Company claims that its Visual Crawler technology produces more comprehensive and up-to-date video search results than competitors.

Elinor Mills
Elinor Mills Former Staff Writer
Elinor Mills covers Internet security and privacy. She joined CNET News in 2005 after working as a foreign correspondent for Reuters in Portugal and writing for The Industry Standard, the IDG News Service and the Associated Press.
2 min read
A California start-up is set to launch a beta of a new video search engine on Wednesday that looks for content by analyzing visual characteristics of a Web page rather than just text.

Truveo claims that its Visual Crawler technology produces more comprehensive and more up-to-date video search results than competitors.

"Other video search engines look for text within Web pages, but many sites don't have text associated with video," said Tim Tuttle, co-founder and chief executive of Burlingame, Calif.-based Truveo. "Many (videos) are script-generated, use plug-ins or are assembled by files executed in the background by the browser and which regular (video) crawlers" cannot always detect.

The company has been crawling the Web for video for about two months and has indexed more content than rival services, Tuttle said. He declined to say how many content sources are in its index.

The Web site lets users compare results for specific searches from Yahoo and Google. For example, a search on "John Roberts" on Truveo located 274 results, with video at the top from the Supreme Court nominee's confirmation hearings on sites including The New York Times, Yahoo News and others.

The same search on Yahoo uncovered 129 results, with a range of video from news broadcasts, many of which mentioned Roberts but were not focused on him.
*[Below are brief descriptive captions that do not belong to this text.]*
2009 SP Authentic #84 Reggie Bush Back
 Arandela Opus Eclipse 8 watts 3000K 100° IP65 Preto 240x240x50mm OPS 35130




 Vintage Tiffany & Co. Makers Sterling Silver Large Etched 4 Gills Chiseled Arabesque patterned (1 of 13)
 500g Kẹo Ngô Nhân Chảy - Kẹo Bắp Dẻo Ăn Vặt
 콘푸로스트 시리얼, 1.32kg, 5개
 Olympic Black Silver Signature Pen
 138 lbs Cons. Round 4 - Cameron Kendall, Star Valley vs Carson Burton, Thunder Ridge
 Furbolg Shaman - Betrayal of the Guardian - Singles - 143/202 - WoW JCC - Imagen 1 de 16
Using Google, four results were returned, three completely unrelated to John Roberts, when quotation marks were not used to specify an exact phrase, and only one result related to him when quotation marks were used.

Blinkx.com video search turned up about 50 results, from sources like CNN, MSNBC and many from podcasts.

Truveo will make money from ads that run alongside search results, as well as by licensing its search listings to other destination sites, Tuttle said.